Definition. A sequence of r + 1 points p_{0}, p_{1}, ..., p_{r} is called barycentrically independent if none of them is a barycentric combination of the others.
Examples.
Any two distinct points P, Q are barycentrically independent. If P <> Q, the set of barycentric combinations of P and Q is the line through P and Q.
Three points A, B, C are barycentrically independent if and only if none lies on the line determined by the other two. Thus, the vertices of a triangle are barycentrically independent.
In R^{3} the four vertices of a tetrahedron are barycentrically independent.
Proposition. A sequence of r + 1 points p_{0}, ..., p_{r} is barycentrically independent if and only for given a_{0}, ..., a_{r} and given b_{0}, ..., b_{r} with a_{0} + ... + a_{r} = 1 and b_{0} + ... + b_{r} = 1 the following statement is true:
| a_{0} p_{0} + ... + a_{r} p_{r} = b_{0} p_{0} + ... + b_{r} p_{r} if and only if a_{0} = b_{0}, ... , a_{r} = b_{r} . |
Proof.

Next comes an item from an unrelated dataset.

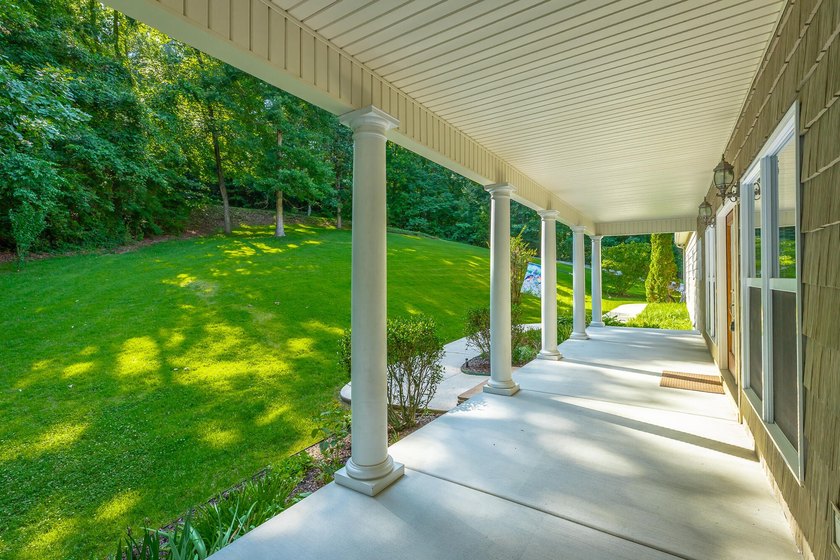 Welcome to this custom built 2006 home at 98 Etowah Ridge in - photo 18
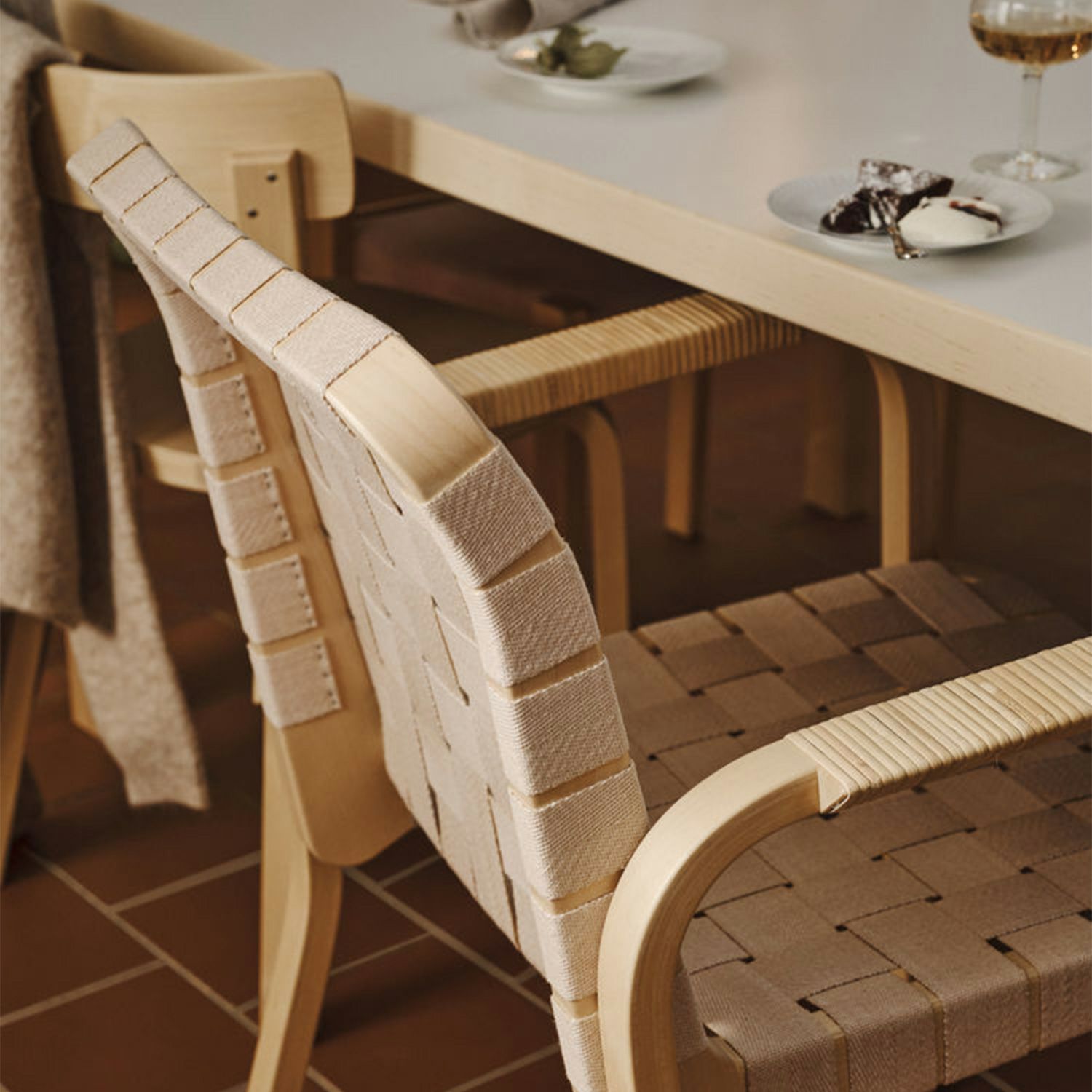 Artek アルテック 45 Armchair 45 アームチェア ラウンジチェア バーチ ナチュラルラッカー リネンウェビングテープ カラー：6色 アームレスト：ラタン巻き デザイン：アルヴァ・アアルト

Obtain this from corresponding facts about linear independence.
Theorem. If p_{0}, p_{1}, ..., p_{n} are barycentrically independent points of n-dimensional Euclidean space R^{n}, and q_{0}, q_{1}, ..., q_{n} are any points of R^{m}, then there is one and only one affine map f from R^{n} to R^{m} for which f(p_{0}) = q_{0}, f(p_{1}) = q_{1}, ..., f(p_{n}) = q_{n}.
Proof. Use the fact that there is a unique linear map taking prescribed values at the members of a basis of R^{n}.
Theorem If a map f from R^{n} to R^{m} preserves barycentric combinations, then it must be an affine map.
Proof. Use two facts: (1) an affine map that carries 0 to 0 must be linear, and (2) a linear map is always given by a matrix.
Let A, B, C, and D be four points in the plane R^{2}. Show that the polygonal path (sequence of line segments) from A to B, from there to C, then to D, and back to A is a parallelogram if and only if A - B + C - D = 0.
Show that an affine transformation of the plane carries a parallelogram to a parallelogram.
Show that there is one and only one affine transformation of the plane carrying a given parallelogram to another given parallelogram in a given vertex-matching way.
Show that any affine transformation of the plane carries the point where the diagonals of a given parallelogram meet to the point where the diagonals of the image parallelogram meet.
Explain why an affine transformation of the 3-dimensional space R^{3} must always carry a tetrahedron to a tetrahedron.